The Shaping of America: A Geographical Perspective on 500 Years of History by D. W. Meinig Pdf
Volume one examines how an immense diversity of ethnic and religious groups ultimately created a set of distinct regional societies. Volume two emphasizes the flux, uncertainty, and unpredictablilty of the expansion into continental America, showing how a multitude of individuals confronted complex and problematic issues.
Author : Alan Taylor Publisher : W. W. Norton & Company Page : 544 pages File Size : 49,8 Mb Release : 2021-05-18 Category : History ISBN : 9781324005803
American Republics: A Continental History of the United States, 1783-1850 by Alan Taylor Pdf
Winner of the 2022 New-York Historical Society Book Prize in American History A Washington Post and BookPage Best Nonfiction Book of the Year From a Pulitzer Prize–winning historian, the powerful story of a fragile nation as it expands across a contested continent. In this beautifully written history of America’s formative period, a preeminent historian upends the traditional story of a young nation confidently marching to its continent-spanning destiny. The newly constituted United States actually emerged as a fragile, internally divided union of states contending still with European empires and other independent republics on the North American continent. Native peoples sought to defend their homelands from the flood of American settlers through strategic alliances with the other continental powers. The system of American slavery grew increasingly powerful and expansive, its vigorous internal trade in Black Americans separating parents and children, husbands and wives. Bitter party divisions pitted elites favoring strong government against those, like Andrew Jackson, espousing a democratic populism for white men. Violence was both routine and organized: the United States invaded Canada, Florida, Texas, and much of Mexico, and forcibly removed most of the Native peoples living east of the Mississippi. At the end of the period the United States, its conquered territory reaching the Pacific, remained internally divided, with sectional animosities over slavery growing more intense. Taylor’s elegant history of this tumultuous period offers indelible miniatures of key characters from Frederick Douglass and Sojourner Truth to Elizabeth Cady Stanton and Margaret Fuller. It captures the high-stakes political drama as Jackson and Adams, Clay, Calhoun, and Webster contend over slavery, the economy, Indian removal, and national expansion. A ground-level account of American industrialization conveys the everyday lives of factory workers and immigrant families. And the immersive narrative puts us on the streets of Port-au-Prince, Mexico City, Quebec, and the Cherokee capital, New Echota. Absorbing and chilling, American Republics illuminates the continuities between our own social and political divisions and the events of this formative period.

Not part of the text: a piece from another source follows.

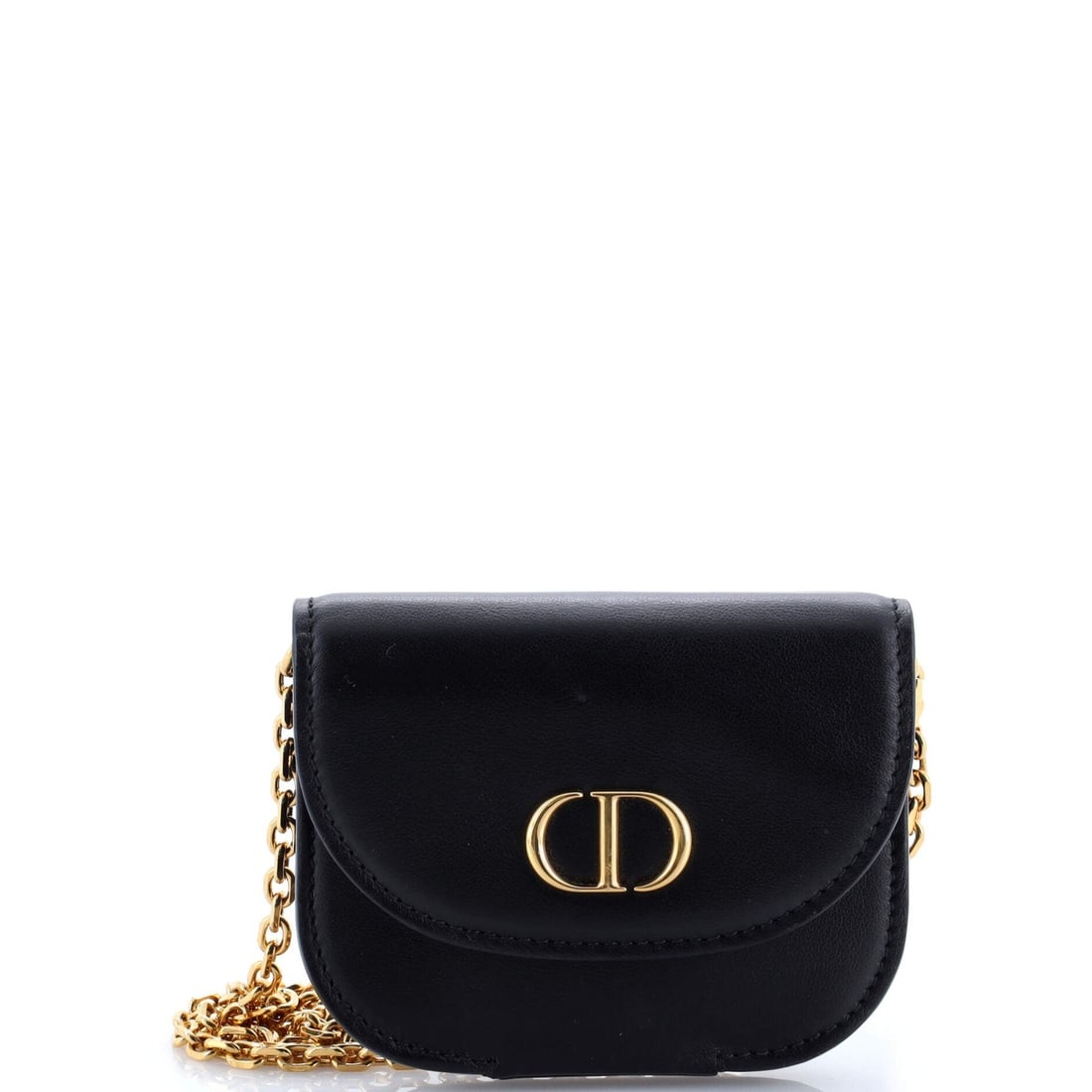Christian Dior 30 Montaigne Leather Pouch: Christian Dior 30 Montaigne Leather Pouch Christian Dior's 30 Montaigne Leather Pouch boasts sleek, sophisticated design with its black leather exterior and gold hardware. The removable strap adds a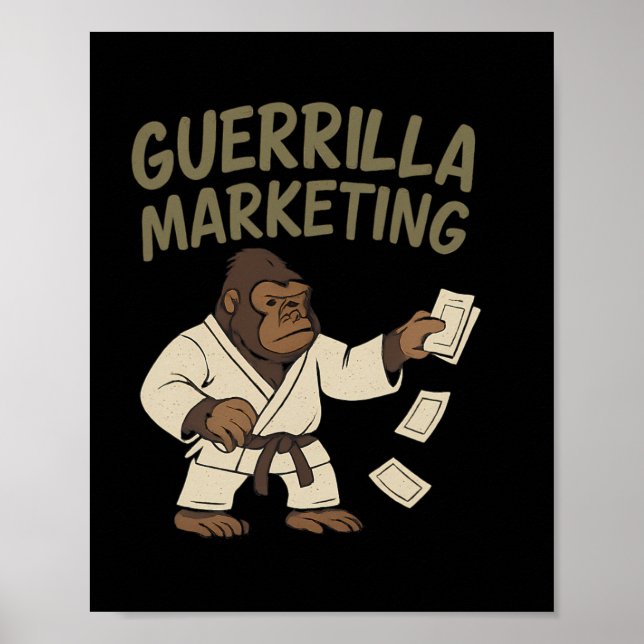 Gorilla Karate Guerrilla Marketing Funny Graphic Poster (Vorne)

Author : Frederick Merk Publisher : Alfred A. Knopf Page : 692 pages File Size : 40,9 Mb Release : 1978 Category : Frontier and pioneer life ISBN : 0394411757
History of the Westward Movement by Frederick Merk Pdf
The late American historian's final work chronicles the great Western migration, from the first forays in New England's wilderness in the seventeenth century to the full settlement of the Pacific coast.